■ Action item: Among the records below, find the line with "Windmills / Windpark" and the line with "Красивый вид на". Set down both and every line between, exactly and with no pictures, but nothing else.

(Recorded data Opens)

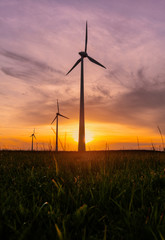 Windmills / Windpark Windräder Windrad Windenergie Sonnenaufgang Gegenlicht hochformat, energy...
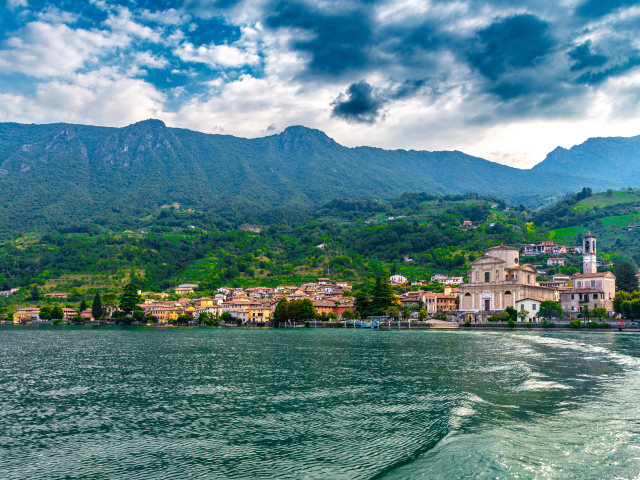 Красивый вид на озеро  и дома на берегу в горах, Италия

(Recorded data Closes)
(Recorded data Opens)

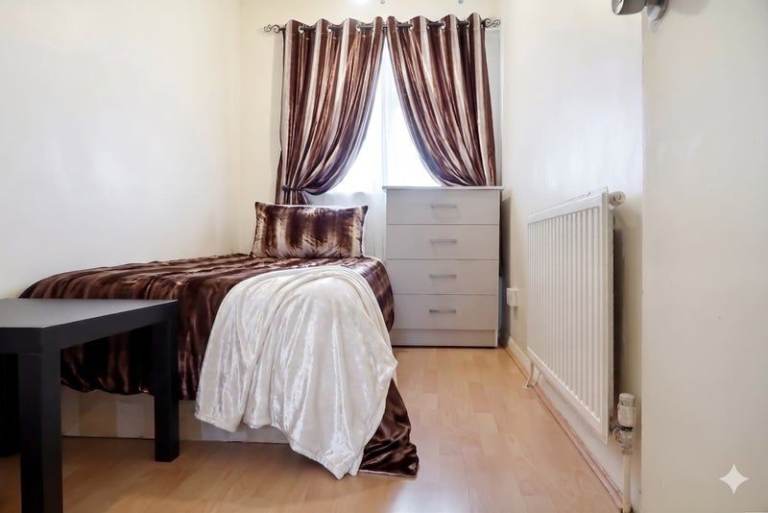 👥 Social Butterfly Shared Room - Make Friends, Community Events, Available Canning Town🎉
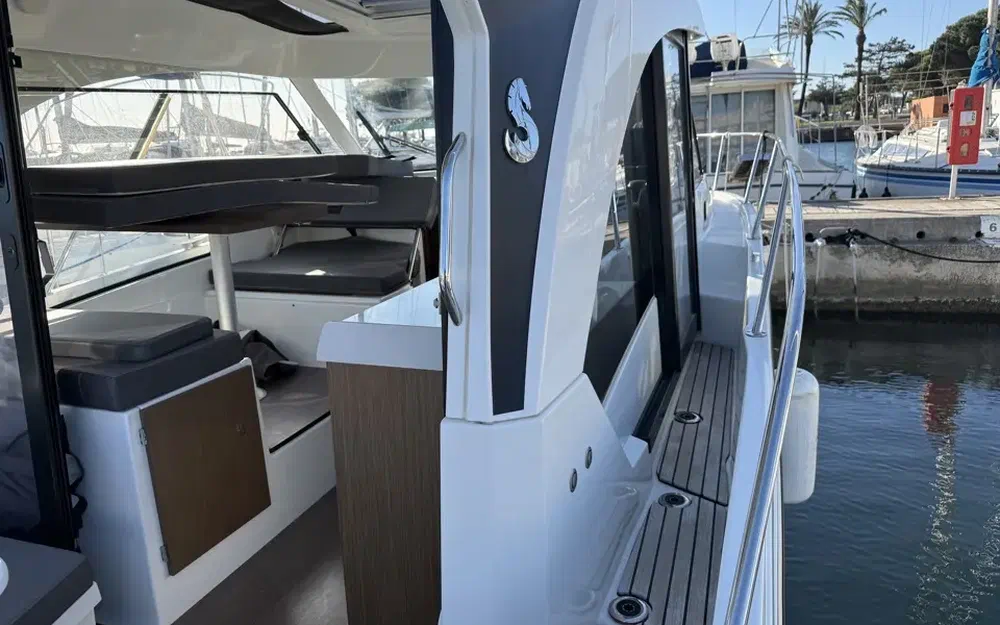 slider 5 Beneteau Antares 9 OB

(Recorded data Closes)

■ Answer for the task:
 Windmills / Windpark Windräder Windrad Windenergie Sonnenaufgang Gegenlicht hochformat, energy...
 Красивый вид на озеро  и дома на берегу в горах, Италия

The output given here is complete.